What is the difference?

Non-venomous snakes aid in the population control of common pests, such as rats and mice. These harmless snakes have even been known to prey on poisonous snakes. As a result, there is a reduced chance of people coming into contact with these deadly reptiles. Throughout several parts of the world, harmless snakes are seen as beneficial to the environment.

In contrast, one of the only positive things about venomous snakes is that they can be used in discovering and developing new medicine. Snake venom can affect blood pressure and blood clotting. As such, scientists can use that same venom to develop new drugs to treat these health issues. Snake venom has been used to treat a variety of conditions, including cancer, pain, high blood pressure, heart attacks, and strokes. 

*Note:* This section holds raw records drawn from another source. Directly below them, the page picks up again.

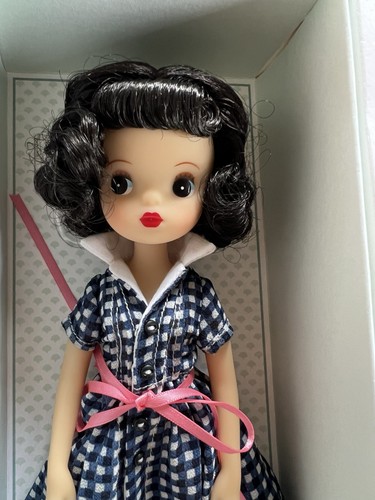 Strawberryplanet doll pearl - strawberryplanet,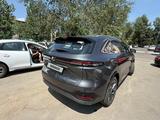 Changan CS75 Plus Luxe 2WD 2025 годаүшін10 900 000 тг. в Алматы – фото 3
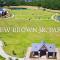 The Park Side Lux Family friendly smart home close to all Dallas Attractions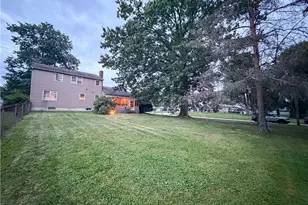 686 Forest-Ridge Dr, Boardman, OH 44512 - Photo 19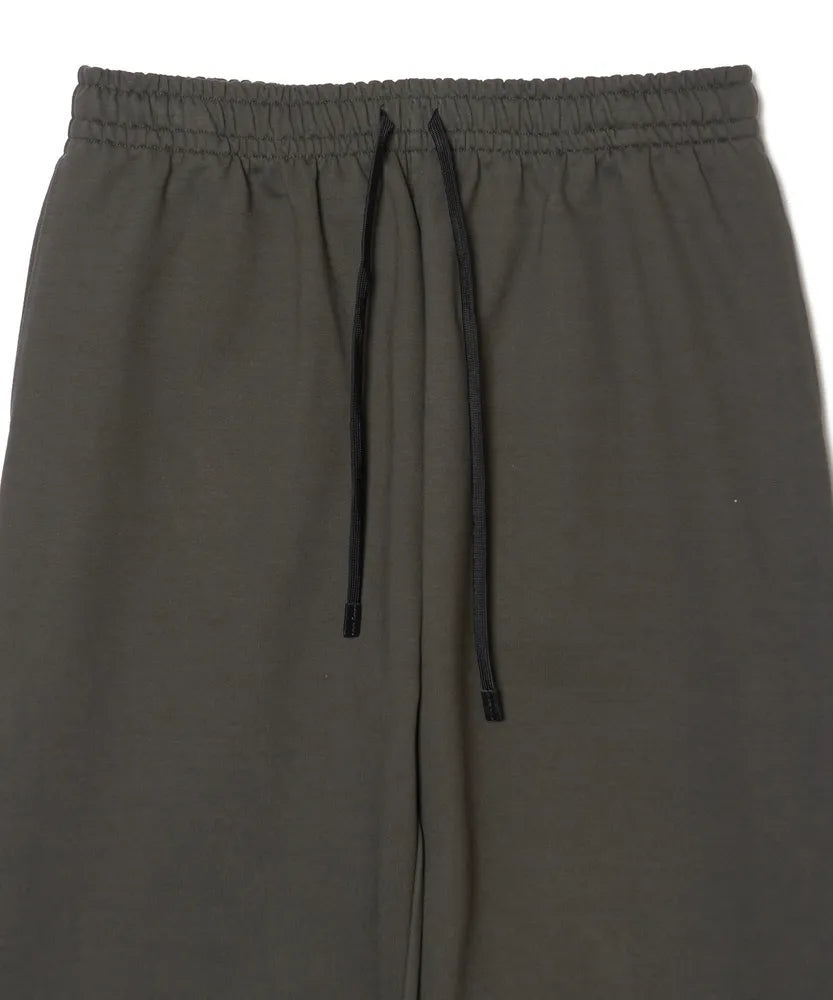 N.HOOLYWOOD COMPILE / WIDE PANTS (2242-CP26-018)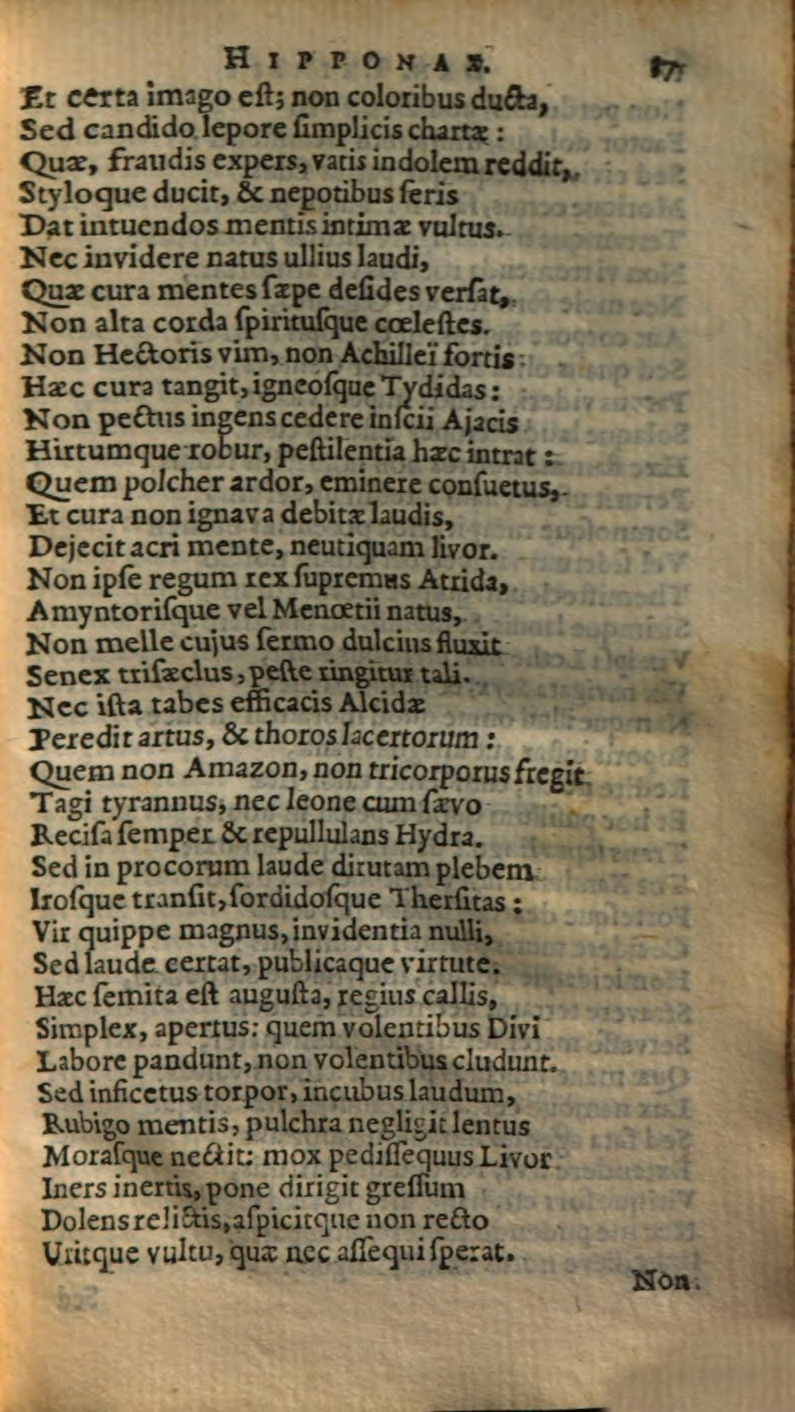 Heinsius1649p087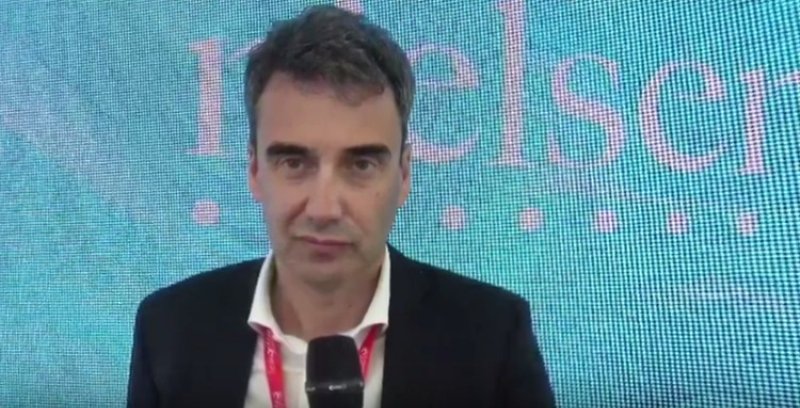 Linkontro 2019: per Nielsen è primavera nel largo consumo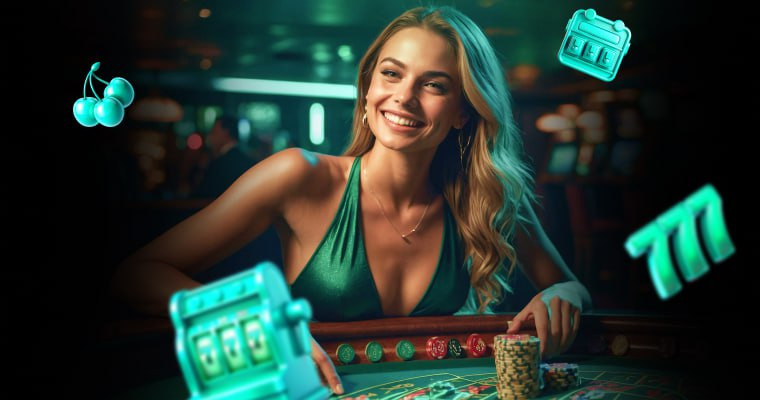 O'que é sportingbet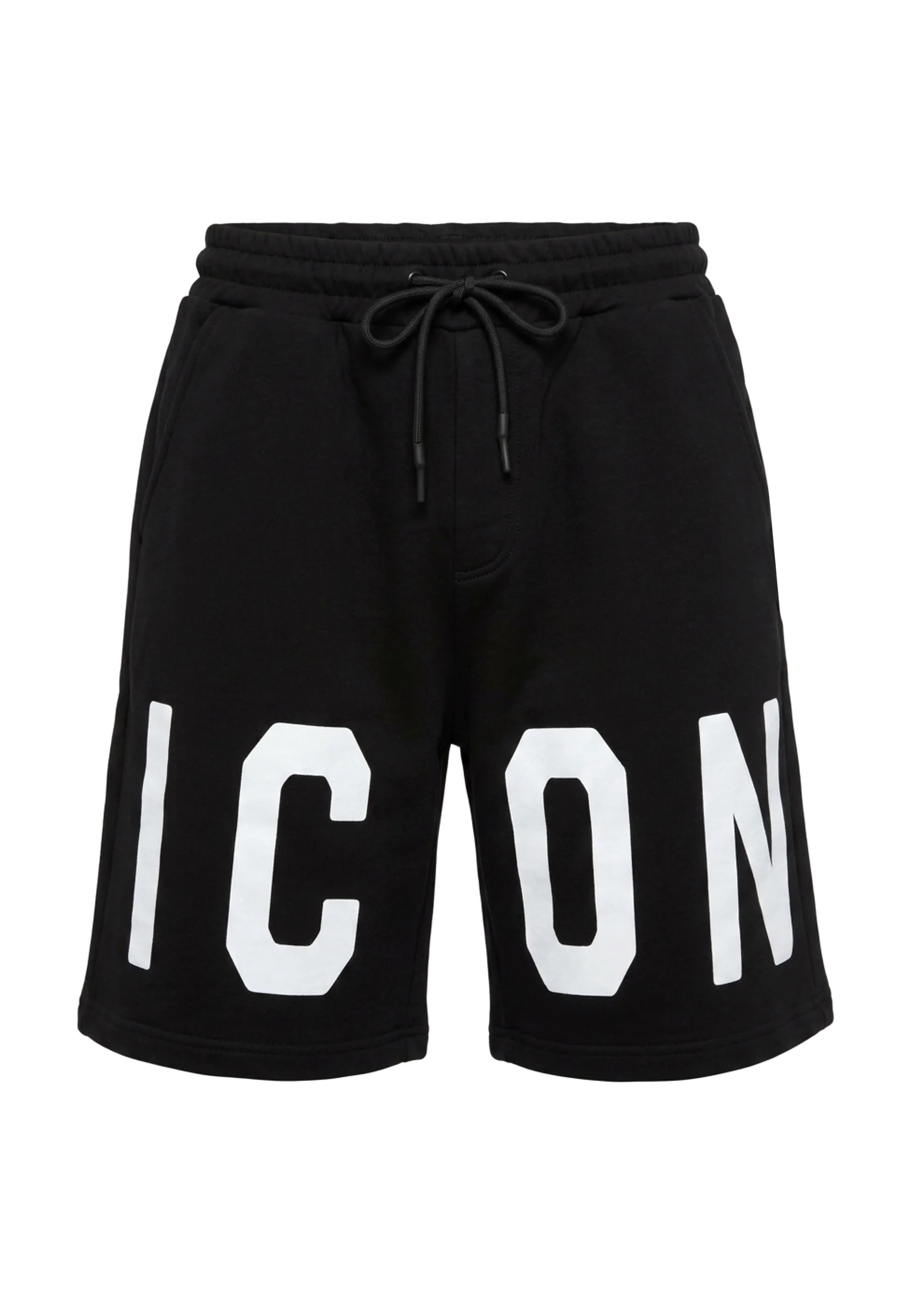Icon Bermuda Uomo | IUB004 - Image 5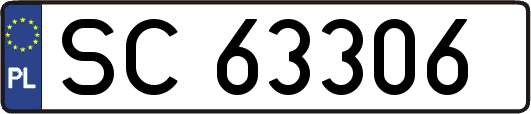 SC63306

How to Distinguish Between Venomous and Non-Venomous Snakes

There are four types of poisonous snakes that exist in the United States: rattlesnakes, copperheads, cottonmouths (or water moccasins), and coral snakes. It is estimated that more than 7,000 Americans are bitten by a poisonous snake each year. Due to this reason, it is important to be able to distinguish between venomous and nonvenomous snakes. Different snake bites require different medical assistance. By understanding which snake has bitten you, you are able to accurately assess your potential risks, increasing your chances of survival.  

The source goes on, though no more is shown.